The Worst Bug I’ve Ever Written
So we finally found the problem with the deadlock in the code… and it wasn't a deadlock at all. It was an infinite loop. Holy Cow! This was without a doubt the hardest bug I've ever had to find. And it was all my fault. Silly typo, and I spent days trying to find it. Thankfully, my co-worker was about to ask a few questions and get us on the right track, and we were able to find it, but it was nasty to find, and was a single character long.
Incredible.
In general, when doing atomic operations, when setting a value, you need to have a loop where you look at the existing value, try to CAS in the new one, and if you fail, try it all again. This typically looks like this:
uint32_t now = mValue; while (!__sync_bool_compare_and_swap(&mValue, now, aValue) { now = mValue; }
where aValue is the new value of the ivar mValue. And this will work. But if you have a typo in the code, say like this:
uint32_t now = mValue; while (!__sync_bool_compare_and_swap(&mValue, now, aValue) { now = aValue; }
then the first failure will put you in an infinite loop until someone happens to set it with the new value you're trying to set. It was a disaster.
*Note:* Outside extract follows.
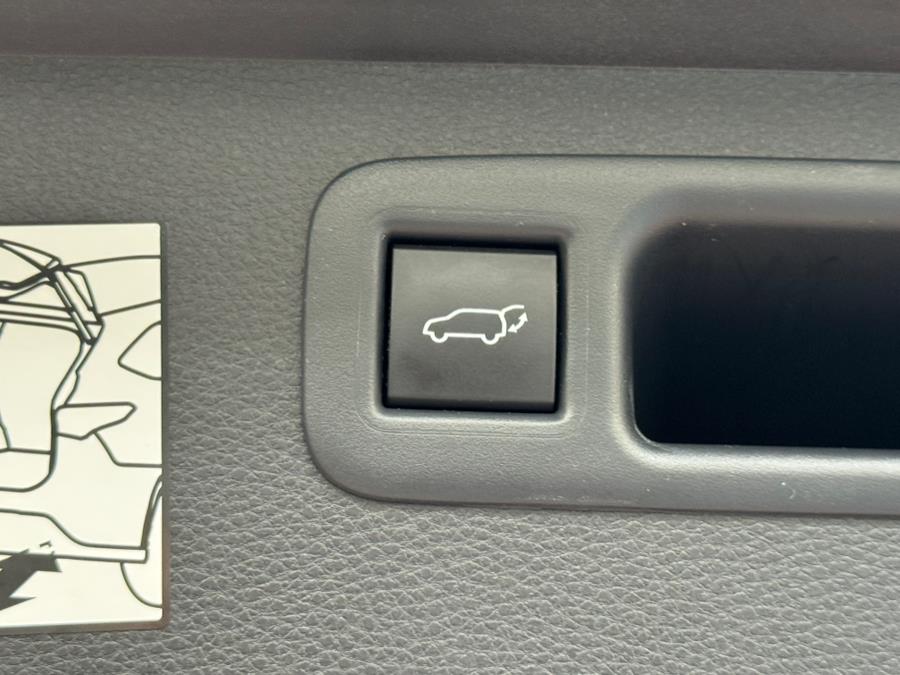 2024 Toyota Highlander XLE AWD (Natl), available for sale in Massapequa Park, New York | Power Motors East. Massapequa Park, New York 2024 Toyota Highlander XLE AWD (Natl), available for sale in Massapequa Park, New York | Power Motors East. Massapequa Park, New York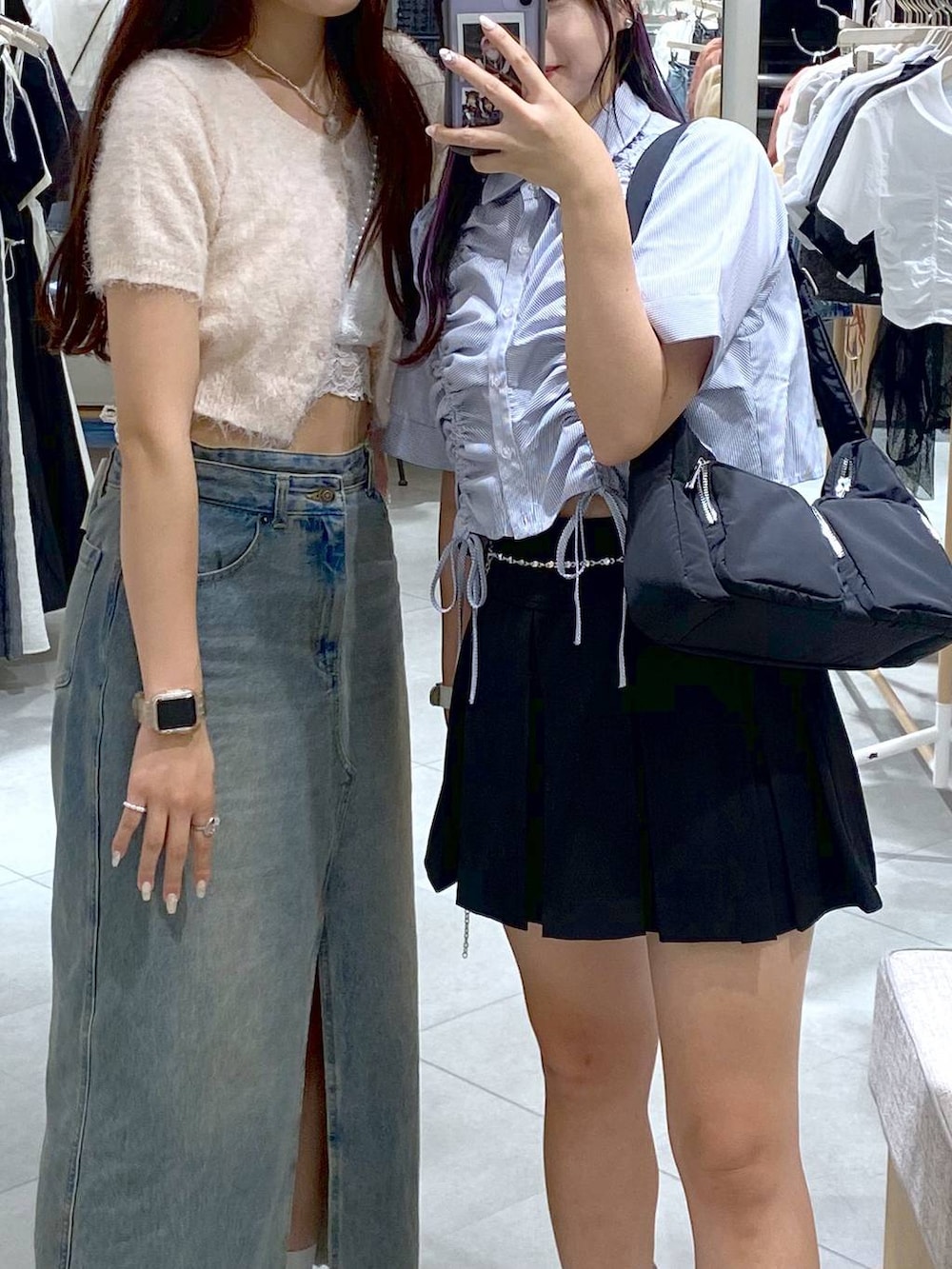 ブラック系のサンダル、ピンク系のカーディガン/ボレロ、ホワイト系のキャミソールを着用したレディースの夏コーディネートの4枚目の写真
When I changed the a to m, we were pulling in the correct values, and things were working just fine. Also, single-threaded tests that I had would not have seen this as they would not have failed in the first place. It requires two threads hitting the same atomic at the same time with different values. Amazing.
There… I feel worlds better because we found it. I know the code is better, and I know why. I know we won't have these same issues, and I know why. What a relief.